§ TRY IT
Every line below that has the string "todo" needs to be copied.

[Stored data]
☆ ☆ ☆ ☆ ☆ ☆ ☆

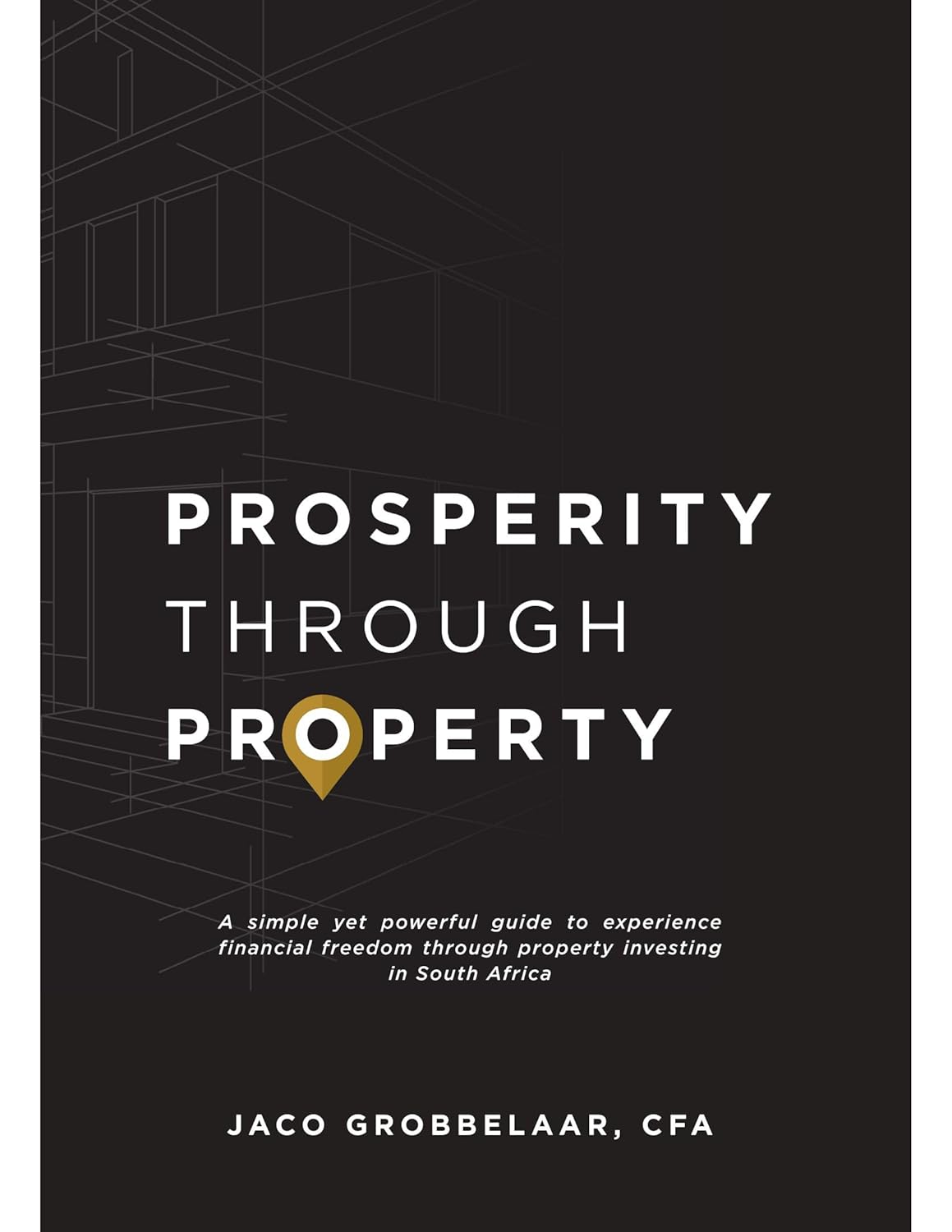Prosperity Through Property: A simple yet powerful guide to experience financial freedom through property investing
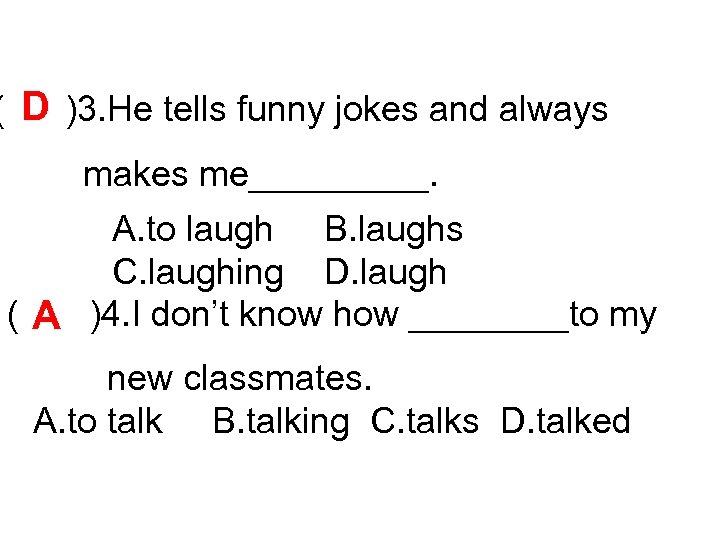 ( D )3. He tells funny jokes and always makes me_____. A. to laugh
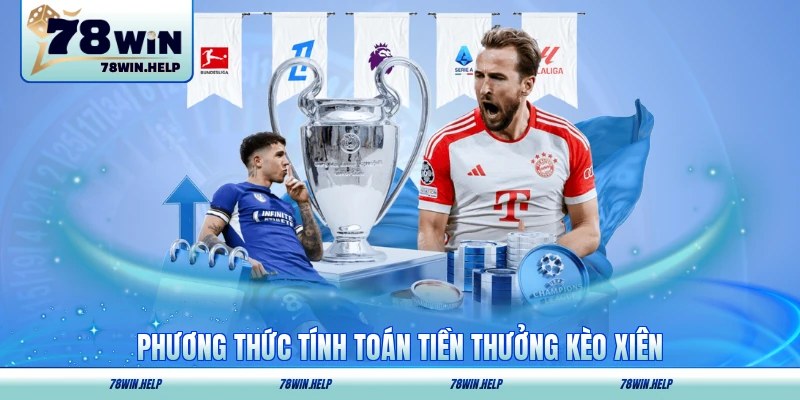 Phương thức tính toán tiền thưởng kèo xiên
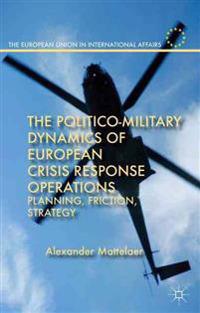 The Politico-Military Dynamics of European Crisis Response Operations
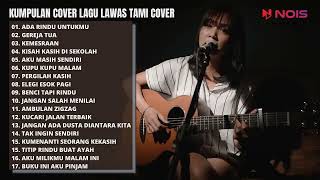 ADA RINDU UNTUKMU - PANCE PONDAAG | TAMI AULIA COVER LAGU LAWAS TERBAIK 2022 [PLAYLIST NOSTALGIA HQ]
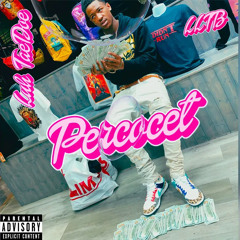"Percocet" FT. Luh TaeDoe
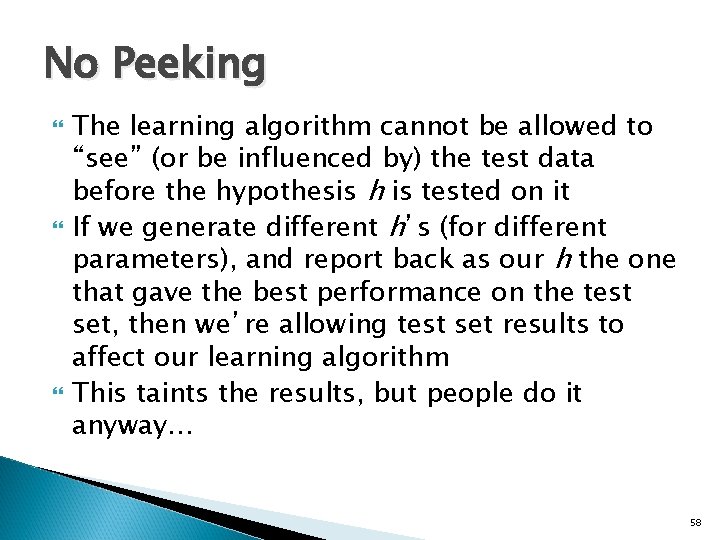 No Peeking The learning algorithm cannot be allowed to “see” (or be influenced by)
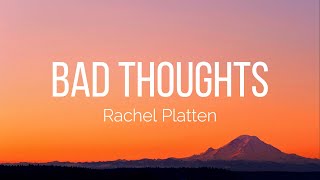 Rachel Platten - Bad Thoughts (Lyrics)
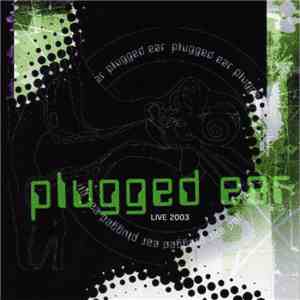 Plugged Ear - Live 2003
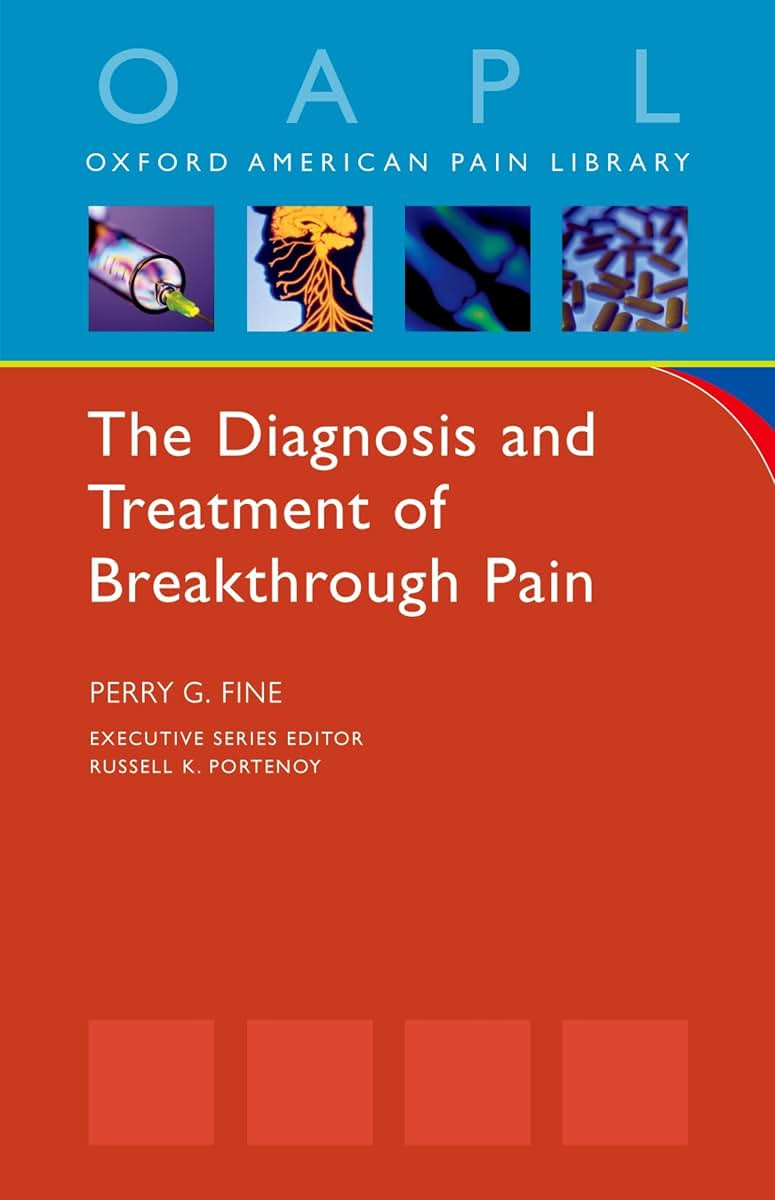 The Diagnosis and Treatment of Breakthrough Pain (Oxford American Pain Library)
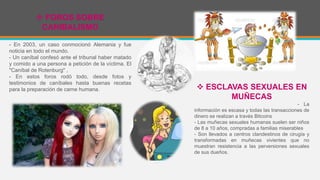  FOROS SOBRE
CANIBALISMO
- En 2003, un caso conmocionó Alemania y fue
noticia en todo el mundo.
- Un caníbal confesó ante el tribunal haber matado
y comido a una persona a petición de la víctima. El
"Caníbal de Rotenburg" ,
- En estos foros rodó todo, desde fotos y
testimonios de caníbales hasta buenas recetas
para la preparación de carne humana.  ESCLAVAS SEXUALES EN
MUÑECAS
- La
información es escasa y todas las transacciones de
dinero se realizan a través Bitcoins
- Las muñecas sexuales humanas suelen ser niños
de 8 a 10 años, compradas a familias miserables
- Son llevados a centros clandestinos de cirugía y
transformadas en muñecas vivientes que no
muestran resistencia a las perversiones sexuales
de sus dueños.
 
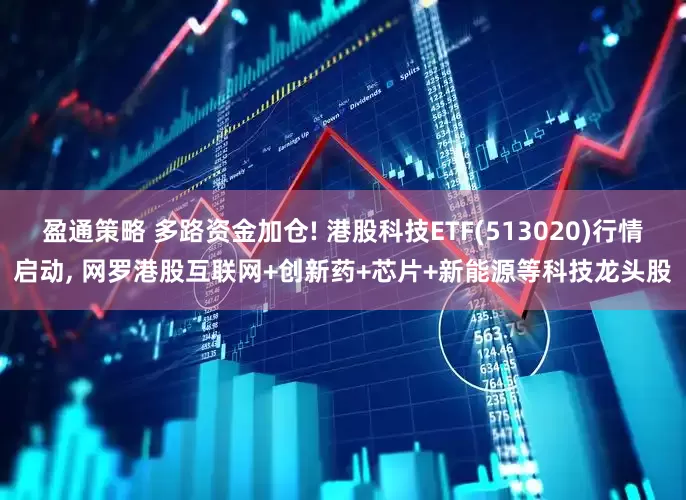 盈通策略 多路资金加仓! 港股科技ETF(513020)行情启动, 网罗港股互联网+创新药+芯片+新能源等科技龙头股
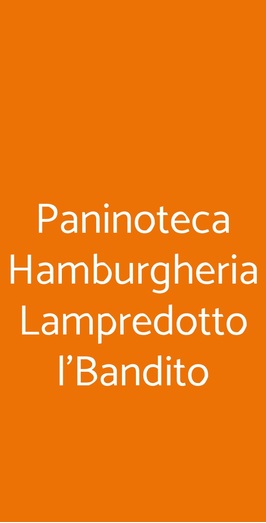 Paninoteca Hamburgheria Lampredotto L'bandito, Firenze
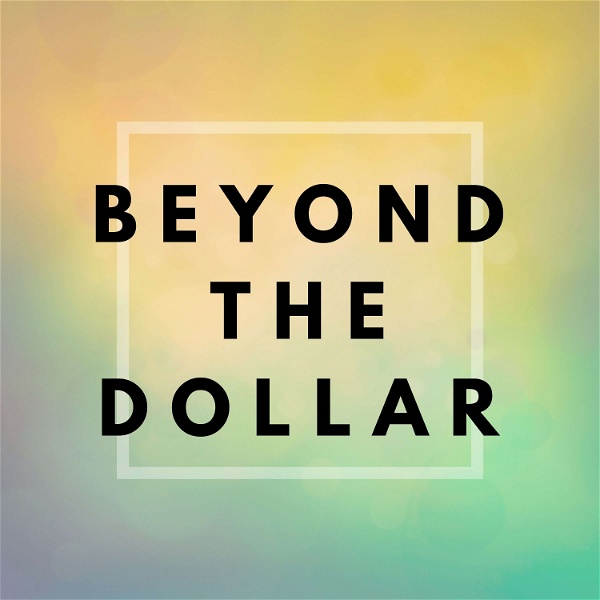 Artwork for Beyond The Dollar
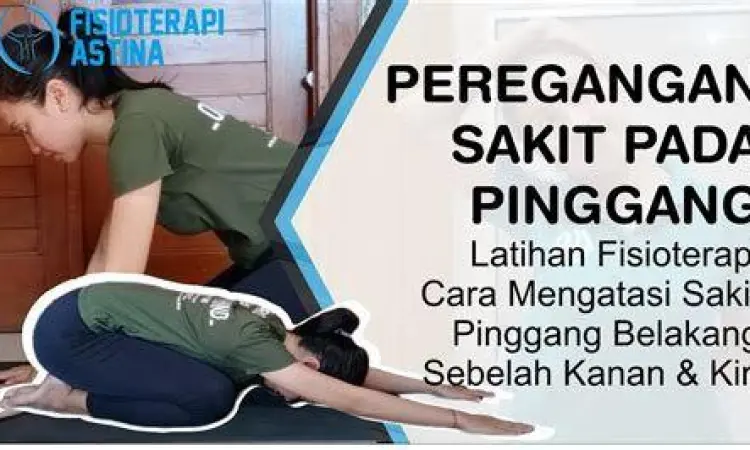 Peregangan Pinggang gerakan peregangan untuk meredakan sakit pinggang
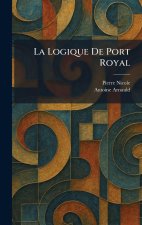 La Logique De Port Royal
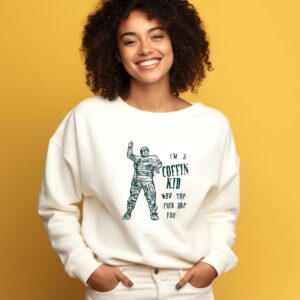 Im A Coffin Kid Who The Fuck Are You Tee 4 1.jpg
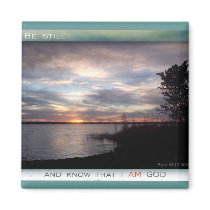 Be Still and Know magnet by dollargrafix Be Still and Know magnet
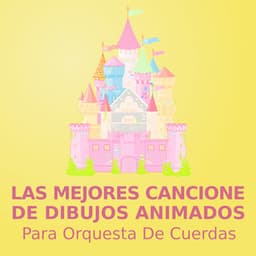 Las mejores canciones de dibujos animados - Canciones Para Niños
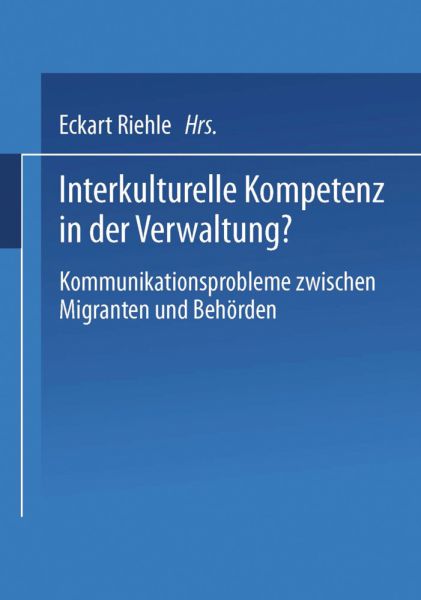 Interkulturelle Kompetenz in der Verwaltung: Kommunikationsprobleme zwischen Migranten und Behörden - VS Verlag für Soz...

☆ ☆ ☆ ☆ ☆ ☆ ☆

§ PROBLEM SOLUTION
noticia en todo el mundo.
- En estos foros rodó todo, desde fotos y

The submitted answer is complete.